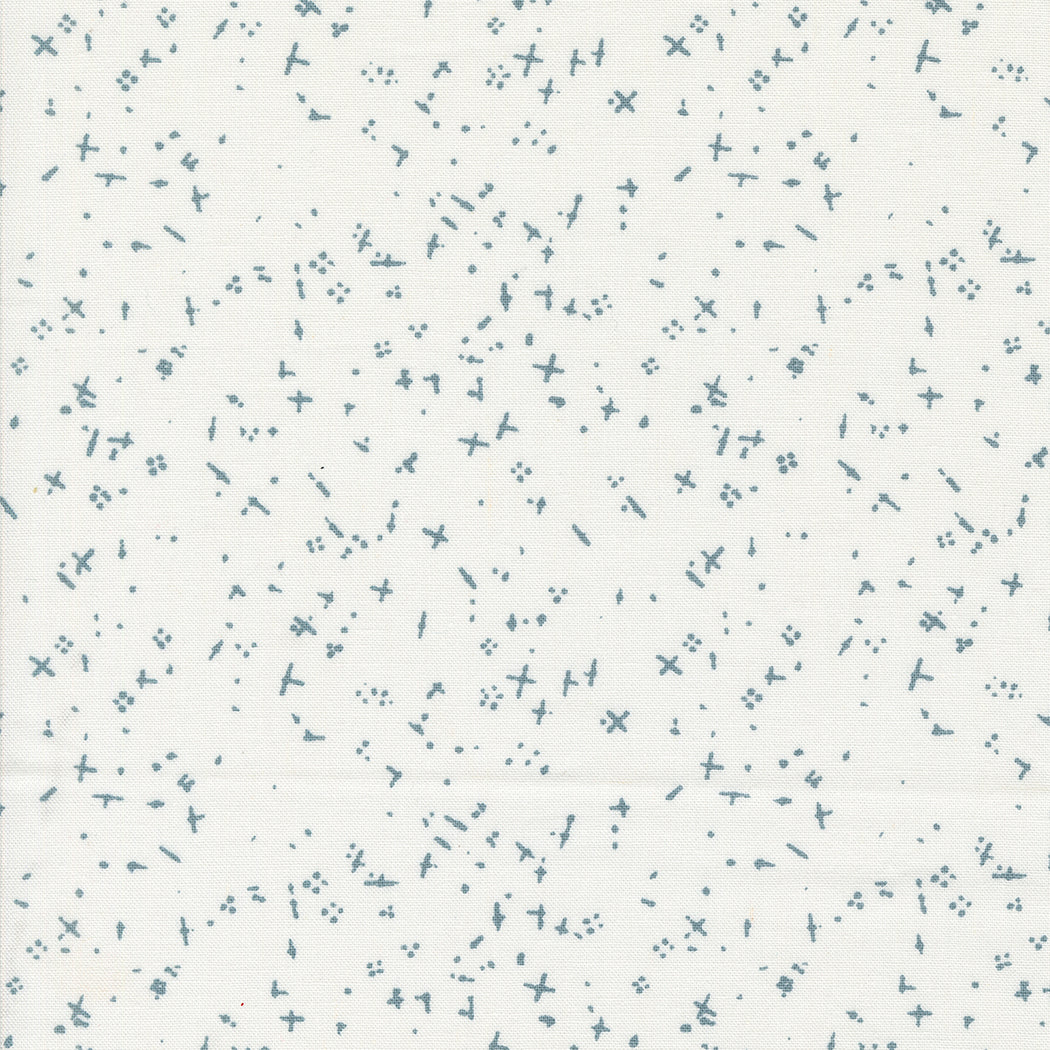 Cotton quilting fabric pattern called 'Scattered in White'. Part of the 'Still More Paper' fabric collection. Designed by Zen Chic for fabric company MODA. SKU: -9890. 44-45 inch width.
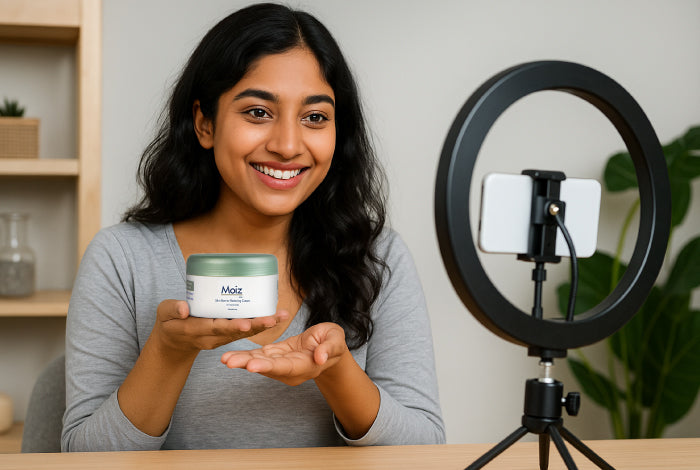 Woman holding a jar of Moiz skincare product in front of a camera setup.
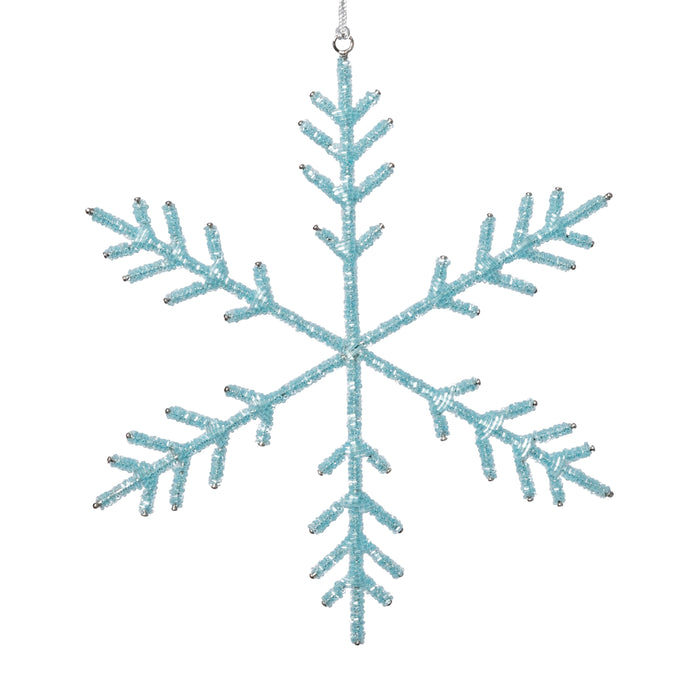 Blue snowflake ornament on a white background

───

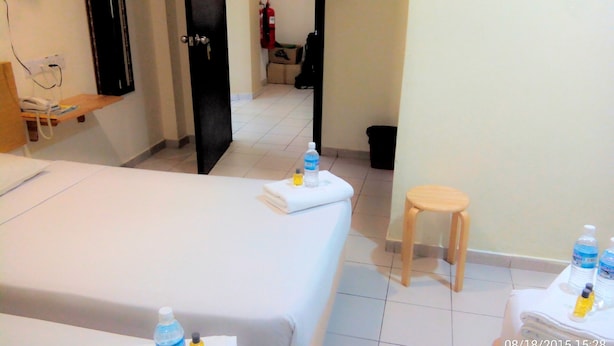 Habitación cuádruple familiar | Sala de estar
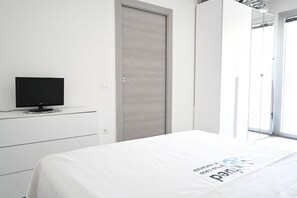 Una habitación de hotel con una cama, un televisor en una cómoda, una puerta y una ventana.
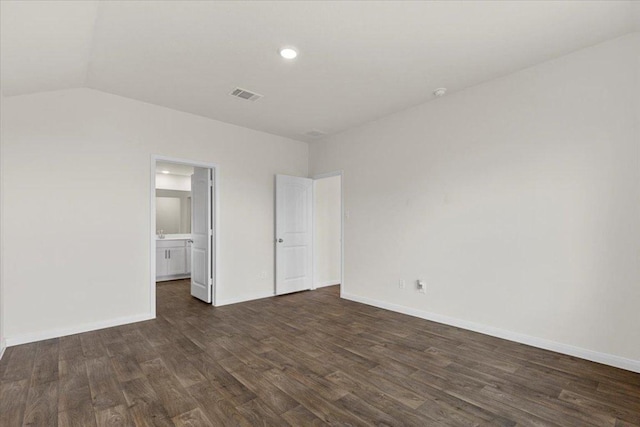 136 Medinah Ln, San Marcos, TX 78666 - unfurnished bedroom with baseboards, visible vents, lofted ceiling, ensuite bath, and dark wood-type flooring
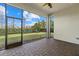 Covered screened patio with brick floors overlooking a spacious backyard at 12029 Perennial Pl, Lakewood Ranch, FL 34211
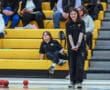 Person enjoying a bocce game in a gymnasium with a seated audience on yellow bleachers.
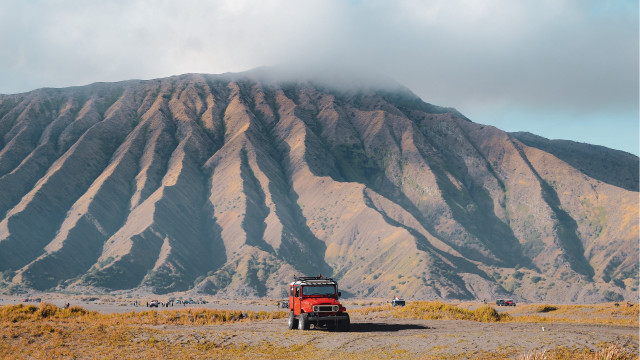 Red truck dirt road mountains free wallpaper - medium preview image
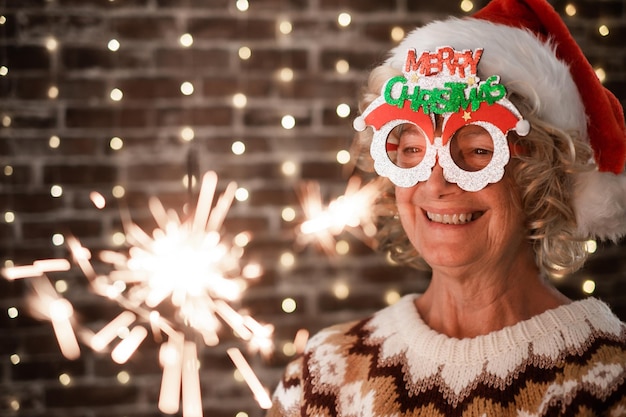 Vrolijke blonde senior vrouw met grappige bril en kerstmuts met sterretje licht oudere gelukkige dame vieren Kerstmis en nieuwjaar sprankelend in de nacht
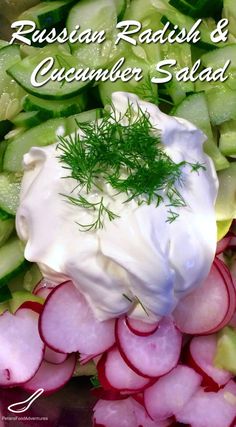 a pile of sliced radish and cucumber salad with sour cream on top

───

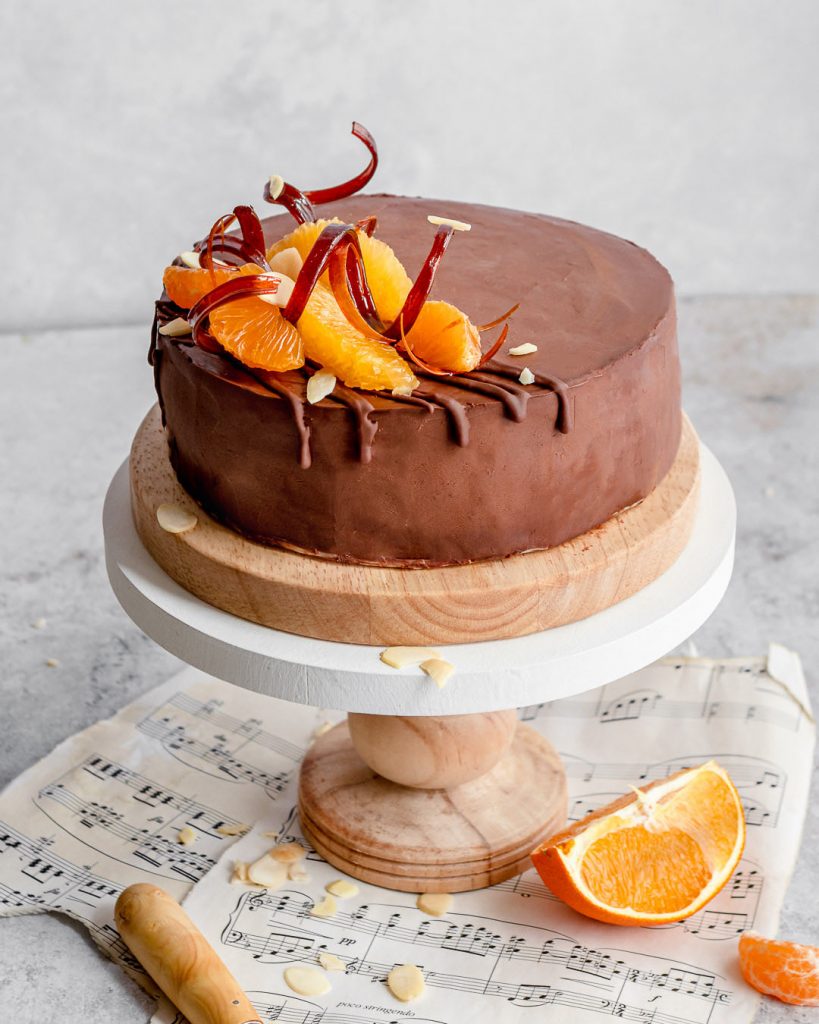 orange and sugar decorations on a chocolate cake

───

| PROBLEM STATEMENT |
From the records above, output only the lines starting at the one containing "Cotton quilting fabric" and ending at the one containing "Blue snowflake ornament", word for word. Pictures stay out.

| COMPLETED EXERCISE |
 Cotton quilting fabric pattern called 'Scattered in White'. Part of the 'Still More Paper' fabric collection. Designed by Zen Chic for fabric company MODA. SKU: -9890. 44-45 inch width.
 Woman holding a jar of Moiz skincare product in front of a camera setup.
 Blue snowflake ornament on a white background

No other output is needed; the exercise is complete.